- [Task brief] The lines wanted run from the first one below through the one with "Pink & Blue". Return them exactly.

- [Raw data]
---+---

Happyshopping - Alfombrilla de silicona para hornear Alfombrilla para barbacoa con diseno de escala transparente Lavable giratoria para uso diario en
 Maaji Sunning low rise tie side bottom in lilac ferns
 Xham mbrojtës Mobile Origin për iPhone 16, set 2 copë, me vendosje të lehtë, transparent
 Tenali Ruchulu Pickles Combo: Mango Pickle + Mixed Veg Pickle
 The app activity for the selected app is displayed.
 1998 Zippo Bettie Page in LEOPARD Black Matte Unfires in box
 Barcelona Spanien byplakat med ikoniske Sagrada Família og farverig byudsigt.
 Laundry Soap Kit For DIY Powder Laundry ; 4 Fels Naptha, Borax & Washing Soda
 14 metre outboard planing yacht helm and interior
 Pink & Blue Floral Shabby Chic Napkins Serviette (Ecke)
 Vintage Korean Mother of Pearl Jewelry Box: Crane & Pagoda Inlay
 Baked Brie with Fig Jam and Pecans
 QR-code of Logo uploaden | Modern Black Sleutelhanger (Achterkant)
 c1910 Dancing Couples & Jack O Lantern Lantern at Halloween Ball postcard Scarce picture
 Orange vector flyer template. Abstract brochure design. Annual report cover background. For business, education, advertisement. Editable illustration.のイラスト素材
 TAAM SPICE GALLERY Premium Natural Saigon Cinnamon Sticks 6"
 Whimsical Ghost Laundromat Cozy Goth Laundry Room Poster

---+---

- [Answer to the exercise]
Happyshopping - Alfombrilla de silicona para hornear Alfombrilla para barbacoa con diseno de escala transparente Lavable giratoria para uso diario en
 Maaji Sunning low rise tie side bottom in lilac ferns
 Xham mbrojtës Mobile Origin për iPhone 16, set 2 copë, me vendosje të lehtë, transparent
 Tenali Ruchulu Pickles Combo: Mango Pickle + Mixed Veg Pickle
 The app activity for the selected app is displayed.
 1998 Zippo Bettie Page in LEOPARD Black Matte Unfires in box
 Barcelona Spanien byplakat med ikoniske Sagrada Família og farverig byudsigt.
 Laundry Soap Kit For DIY Powder Laundry ; 4 Fels Naptha, Borax & Washing Soda
 14 metre outboard planing yacht helm and interior
 Pink & Blue Floral Shabby Chic Napkins Serviette (Ecke)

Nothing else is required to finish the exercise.